Running multiple TensorRT-optimized models in Tensorflow

Question

Running multiple TensorRT-optimized models in Tensorflow

Opened this issue 4 years ago · 3 comments

I am working with the Tensorflow 2.0 project that uses multiple models for inference.
Some of those models were optimized using TF-TRT.

I tried both regular offline conversion and offline conversion with engine serialization. In case of regular conversion TensorRT engine is rebuilt every time model execution context changes. While using models with serialized engines, I’m not able to load more than one TensorRT-optimized models.

My application uses single Session at runtime.

I am using nvcr.io/nvidia/tensorflow:19.12-tf2-py3 docker container to optimize models and run the application.

More about the issue in:
https://stackoverflow.com/questions/60967867/running-multiple-tensorrt-optimized-models-in-tensorflow

What is the correct approach to run simultaneously multiple TensorRT-optimized models with pre-built engines using Tensorflow?

Is it a valid solution to use a separate Session for each of those models

Answer 1 · 2020-04-08T16:24:40.000Z

Thanks for the detailed report. It is a valid use case to have multiple models with multiple pre-built engines. We seem to have a problem with the way the engines cached, we are working on this problem. This is related to Issue #195, we will continue the discussion there.

Answer 2 · 2020-06-23T19:30:45.000Z

@tfeher
I am also having a problem running two tensorRT optimized models. The inference is completed for the first network, but then in the second network, the errors I included below occur. Is this a similar issue or something completely different? I am using tf 2.1.0 and both models run properly when they are separated, however when I load both models in the same program and run inference sequentially the second model always fails with the cache size error.

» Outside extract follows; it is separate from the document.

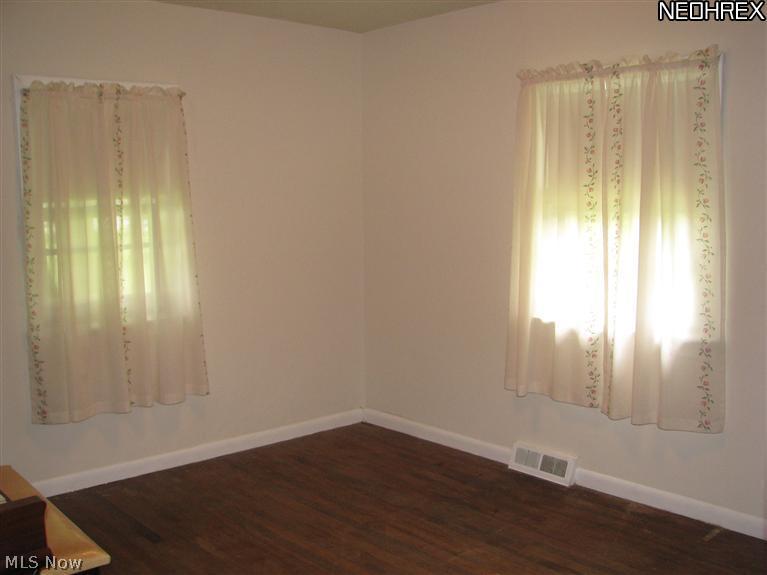 4318 Johnson Road Barberton, OH 44203 - Photo 6 of 17 Gallery Image 6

2020-06-23 12:22:53.617659: W tensorflow/core/framework/op_kernel.cc:1655] OP_REQUIRES failed at trt_engine_op.cc:494 : Invalid argument: Input shape list size mismatch for PartitionedCall/TRTEngineOp_5, cached size: 6 vs. actual size: 1
2020-06-23 12:22:53.654311: W tensorflow/core/common_runtime/base_collective_executor.cc:217] BaseCollectiveExecutor::StartAbort Invalid argument: Input shape list size mismatch for PartitionedCall/TRTEngineOp_5, cached size: 6 vs. actual size: 1
[[{{node PartitionedCall/TRTEngineOp_5}}]]
Traceback (most recent call last):
File "live_inf.py", line 108, in
image_s,results=compute_inference_seg(infer_seg,image_np)
File "live_inf.py", line 69, in compute_inference_seg
results=infer(input_tensor)['output'][0]
File "/usr/local/lib/python3.6/dist-packages/tensorflow_core/python/eager/function.py", line 1551, in call
return self._call_impl(args, kwargs)
File "/usr/local/lib/python3.6/dist-packages/tensorflow_core/python/eager/function.py", line 1591, in _call_impl
return self._call_flat(args, self.captured_inputs, cancellation_manager)
File "/usr/local/lib/python3.6/dist-packages/tensorflow_core/python/saved_model/load.py", line 99, in _call_flat
cancellation_manager)
File "/usr/local/lib/python3.6/dist-packages/tensorflow_core/python/eager/function.py", line 1692, in _call_flat
ctx, args, cancellation_manager=cancellation_manager))
File "/usr/local/lib/python3.6/dist-packages/tensorflow_core/python/eager/function.py", line 545, in call
ctx=ctx)
File "/usr/local/lib/python3.6/dist-packages/tensorflow_core/python/eager/execute.py", line 67, in quick_execute
six.raise_from(core._status_to_exception(e.code, message), None)
File "", line 3, in raise_from
tensorflow.python.framework.errors_impl.InvalidArgumentError: Input shape list size mismatch for PartitionedCall/TRTEngineOp_5, cached size: 6 vs. actual size: 1
[[{{node PartitionedCall/TRTEngineOp_5}}]] [Op:__inference_signature_wrapper_29995]

Function call stack:
signature_wrapper

Answer 3 · 2022-11-07T14:39:12.000Z

@anoushsepehri
I am facing the same issue using multiple networks converted by tensorrt.
Have you found any workaround?